- What you should do -
For this exercise, repeat exactly the lines below starting at the line holding "Image de Coffret" and ending at the line holding "AGOLDE 100% Organic", both included, with no extra lines and no pictures.

┌─ Stored data

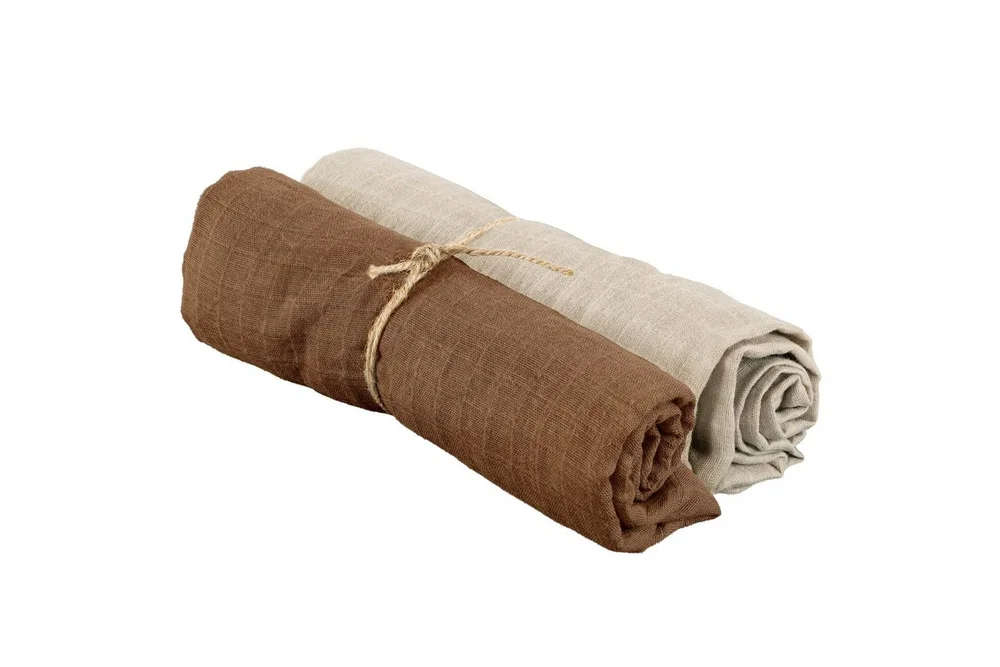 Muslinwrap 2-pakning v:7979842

└─
┌─ Stored data

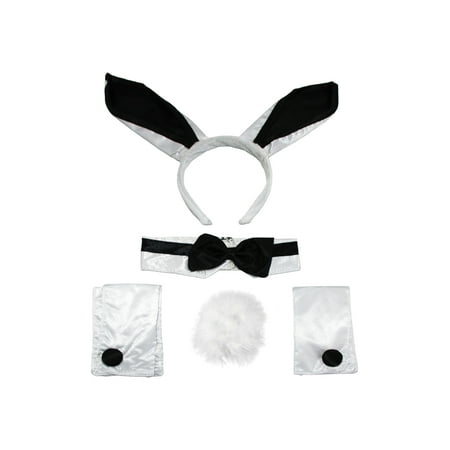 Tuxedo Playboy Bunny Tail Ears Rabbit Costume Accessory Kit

└─
┌─ Stored data

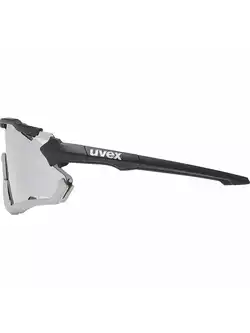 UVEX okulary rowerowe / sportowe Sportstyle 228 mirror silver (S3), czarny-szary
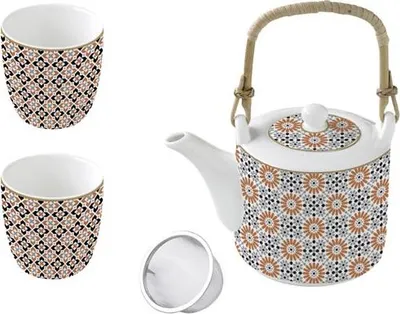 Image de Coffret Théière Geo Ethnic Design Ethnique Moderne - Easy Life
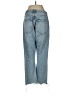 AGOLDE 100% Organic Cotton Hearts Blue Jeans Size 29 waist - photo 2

└─

- Response for this exercise -
 Image de Coffret Théière Geo Ethnic Design Ethnique Moderne - Easy Life
 AGOLDE 100% Organic Cotton Hearts Blue Jeans Size 29 waist - photo 2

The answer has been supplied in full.